By analyzing existing cross correlation between Schwab Fundamental International and First Trust Developed, you can compare the effects of market volatilities on Schwab Fundamental and First Trust and check how they will diversify away market risk if combined in the same portfolio for a given time horizon. You can also utilize pair trading strategies of matching a long position in Schwab Fundamental with a short position of First Trust. Check out your portfolio center.
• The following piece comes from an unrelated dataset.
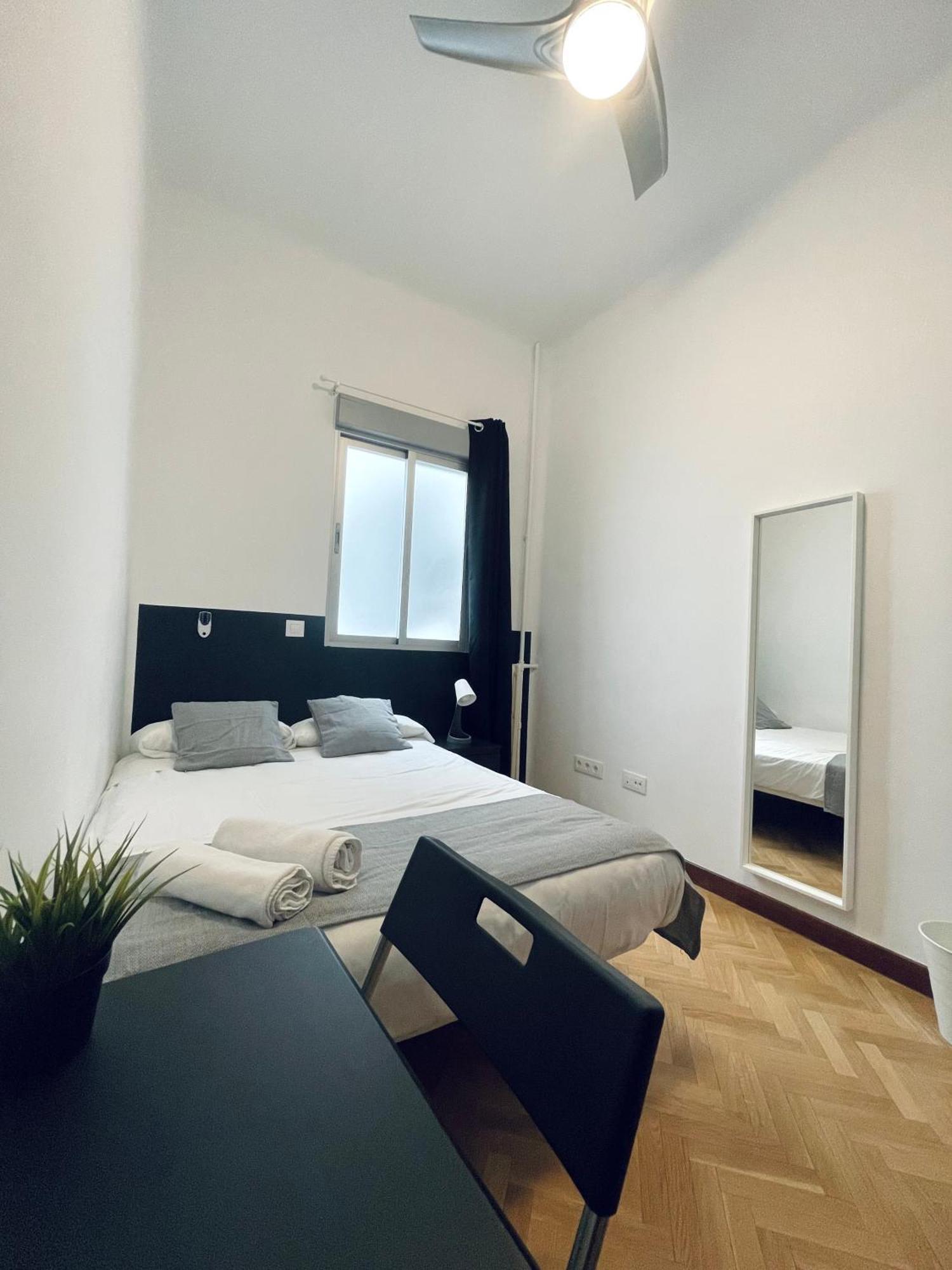 Ibiza Habitaciones Madrid Buitenkant foto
Please also check ongoing floating volatility patterns of Schwab Fundamental and First Trust.
Diversification Opportunities for Schwab Fundamental and First Trust
0.95 | Correlation Coefficient |
Almost no diversification
The 3 months correlation between Schwab and First is 0.95. Overlapping area represents the amount of risk that can be diversified away by holding Schwab Fundamental Internation and First Trust Developed in the same portfolio, assuming nothing else is changed. The correlation between historical prices or returns on First Trust Developed and Schwab Fundamental is a relative statistical measure of the degree to which these equity instruments tend to move together. The correlation coefficient measures the extent to which returns on Schwab Fundamental International are associated (or correlated) with First Trust. Values of the correlation coefficient range from -1 to +1, where. The correlation of zero (0) is possible when the price movement of First Trust Developed has no effect on the direction of Schwab Fundamental i.e., Schwab Fundamental and First Trust go up and down completely randomly.
Pair Corralation between Schwab Fundamental and First Trust
Given the investment horizon of 90 days Schwab Fundamental International is expected to generate 0.92 times more return on investment than First Trust. However, Schwab Fundamental International is 1.08 times less risky than First Trust. It trades about -0.01 of its potential returns per unit of risk. First Trust Developed is currently generating about -0.02 per unit of risk. If you would invest 3,549 in Schwab Fundamental International on September 1, 2024 and sell it today you would lose (8.00) from holding Schwab Fundamental International or give up 0.23% of portfolio value over 90 days.
Time Period | 3 Months [change] |
Direction | Moves Together |
Strength | Very Strong |
Accuracy | 100.0% |
Values | Daily Returns |
Schwab Fundamental Internation vs. First Trust Developed
Performance |
Timeline |
Schwab Fundamental |
First Trust Developed |
Schwab Fundamental and First Trust Volatility Contrast
Predicted Return Density |
Returns |
Pair Trading with Schwab Fundamental and First Trust
The main advantage of trading using opposite Schwab Fundamental and First Trust positions is that it hedges away some unsystematic risk. Because of two separate transactions, even if Schwab Fundamental position performs unexpectedly, First Trust can make up some of the losses. Pair trading also minimizes risk from directional movements in the market. For example, if an entire industry or sector drops because of unexpected headlines, the short position in First Trust will offset losses from the drop in First Trust's long position.Schwab Fundamental vs. Schwab Fundamental Small | Schwab Fundamental vs. Schwab Fundamental Large | Schwab Fundamental vs. Schwab Fundamental International | Schwab Fundamental vs. Schwab Fundamental Emerging |
First Trust vs. First Trust Asia | First Trust vs. First Trust United | First Trust vs. First Trust Germany | First Trust vs. First Trust Japan |
Check out your portfolio center.Note that this page's information should be used as a complementary analysis to find the right mix of equity instruments to add to your existing portfolios or create a brand new portfolio. You can also try the Volatility Analysis module to get historical volatility and risk analysis based on latest market data.